Om de paar meter hangt een beeltenis van de Koningin, Máxima of Willem-Alexander op een muur of een raam. Niet de liefde voor het vaderland of het Koningshuis straalt ervan af, maar het massaal omarmen van de kneuterigheid die ermee gepaard gaat.

Waar je ook staat, overal klinkt het alsof om de hoek muziek is. Meestal blijft alleen de dreunende bas over, die langzaam wegsterft. Of toch een melodie blijkt te bezitten, afhankelijk van welke kant je op loopt.

Ik kocht een halve liter bier bij een man en zijn zoon, voor twee euro. Het was lauw.

Een meisje van een jaar of 25 stond achter een geruit kleedje met speelgoed dat ze jaren geleden ontgroeid moest zijn. Ik probeerde nostalgie in haar ogen te zien, maar dat lukte niet. Vooraan lag een rijtje boeken. Er waren er vier over Robbie Williams bij.

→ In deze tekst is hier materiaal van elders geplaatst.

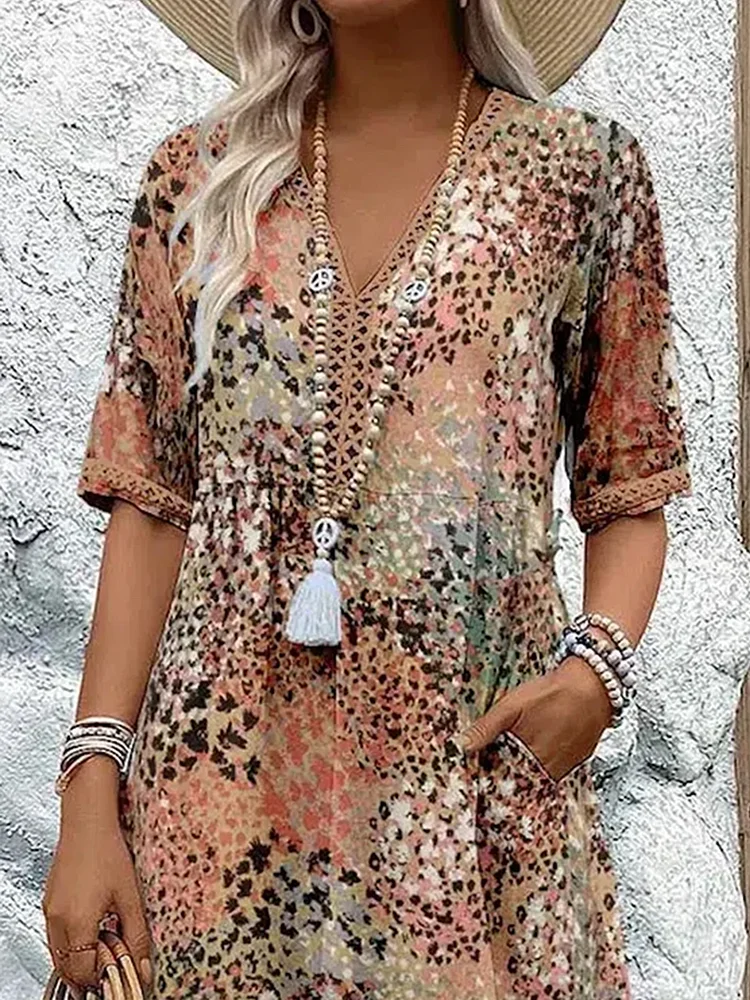 Andrea | Women’s Vibrant Midi Dress with Colourful Print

In de Wijde Begijnestraat zaten drie vrouwen en een oude man achter een hek naar de langslopende mensen te kijken. De vrouwen dronken wijn en hadden hun tuinstoelen een klein beetje naar elkaar toe gedraaid om makkelijker te kunnen praten. De man had een glas bier. Eenzaam keek hij eerst door zijn brilletje en daarna door het hek. Op zijn roze bloes zat een oranje strikje gespeld dat er van alle kanten uitzag alsof het niet zijn idee was geweest.

Ik zag ergens Het sterkste meisje van de wereld van Alex Boogers liggen. De ondertitel is Of de autobiografie van een mislukt schrijver. Ik mocht het hebben als ik een cent per bladzijde betaalde.

Er hing een luchtballon boven de stad.

Er kwam een jongetje langslopen. Hij huilde. ‘Jij vindt toch alles te duur’, zei hij snikkend tegen de jas van zijn moeder. Hij haalde de mouwen van zijn vest langs zijn ogen – het waren tranen die wij, vreemden, niet mochten zien. In zijn rechterhand hing slapjes een oranje vuvuzela van bijna een meter lang.

Zo waren we allemaal Nederland, alleen nog iets dichter op elkaar.